### Dataset records

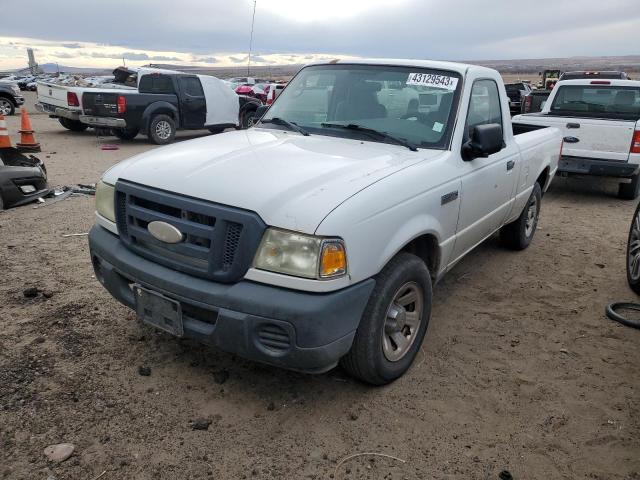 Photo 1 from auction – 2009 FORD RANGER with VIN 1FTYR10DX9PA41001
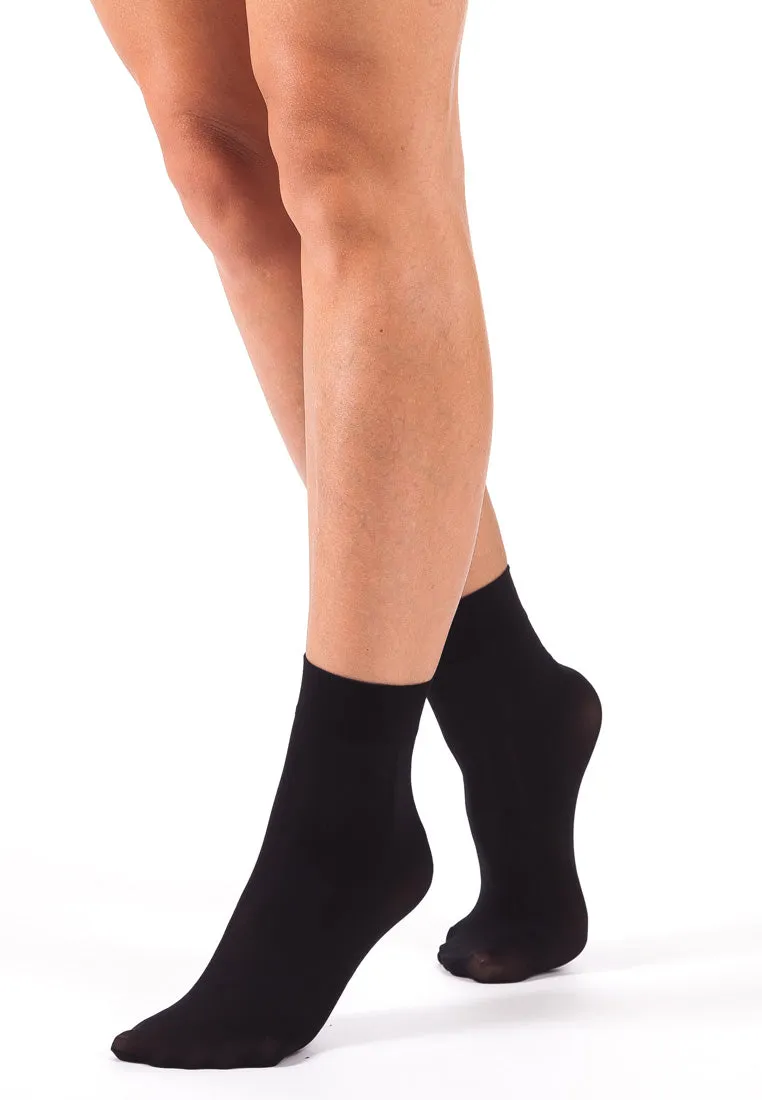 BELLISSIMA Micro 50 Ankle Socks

...

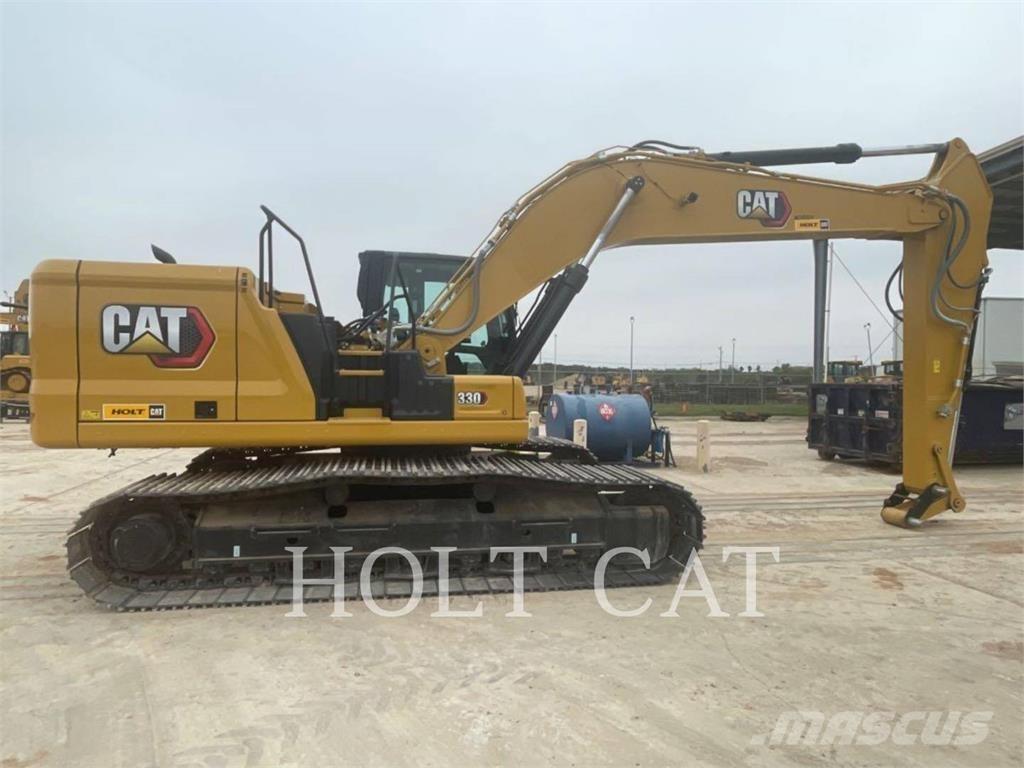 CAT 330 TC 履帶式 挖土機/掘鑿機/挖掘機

### Exercise
Taking the entries above, copy word for word the lines from the one with "Photo 1 from" up to and including the one with "BELLISSIMA Micro 50 Ankle Socks", without any picture.

### Written response
 Photo 1 from auction – 2009 FORD RANGER with VIN 1FTYR10DX9PA41001
 BELLISSIMA Micro 50 Ankle Socks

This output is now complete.